(ACTION ITEM): Repeat, line for line, only the span that opens at the "Innovation Electric - RevolveLed" line and closes at the final line below. Skip the pictures.
----- PROVIDED DATA -----
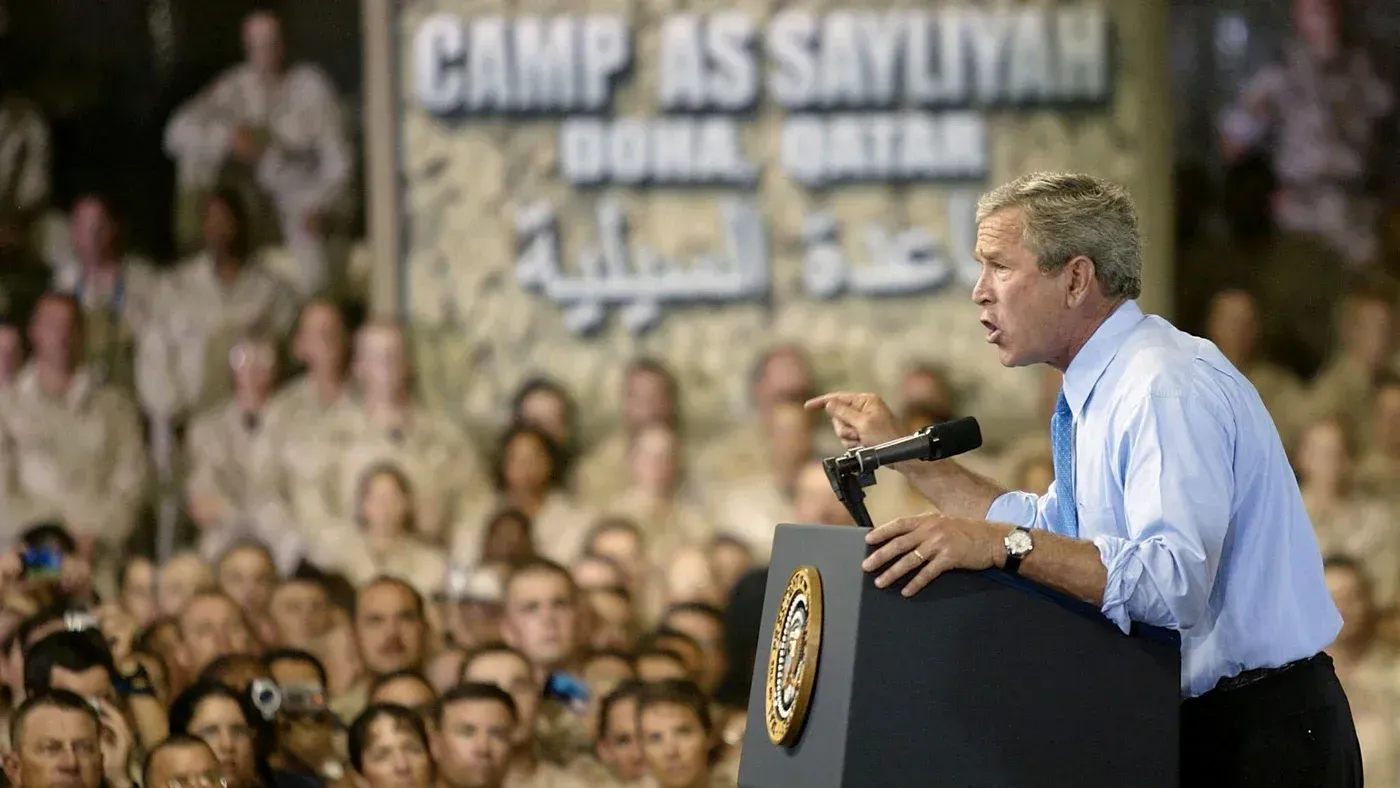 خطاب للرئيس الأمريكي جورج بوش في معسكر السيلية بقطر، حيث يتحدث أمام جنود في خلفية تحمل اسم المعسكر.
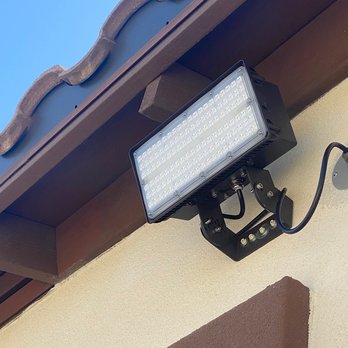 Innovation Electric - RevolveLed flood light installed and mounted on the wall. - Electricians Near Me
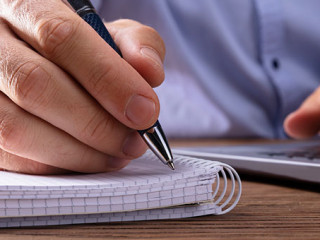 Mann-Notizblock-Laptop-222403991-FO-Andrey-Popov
-----
(THE COMPLETED TASK):
 Innovation Electric - RevolveLed flood light installed and mounted on the wall. - Electricians Near Me
 Mann-Notizblock-Laptop-222403991-FO-Andrey-Popov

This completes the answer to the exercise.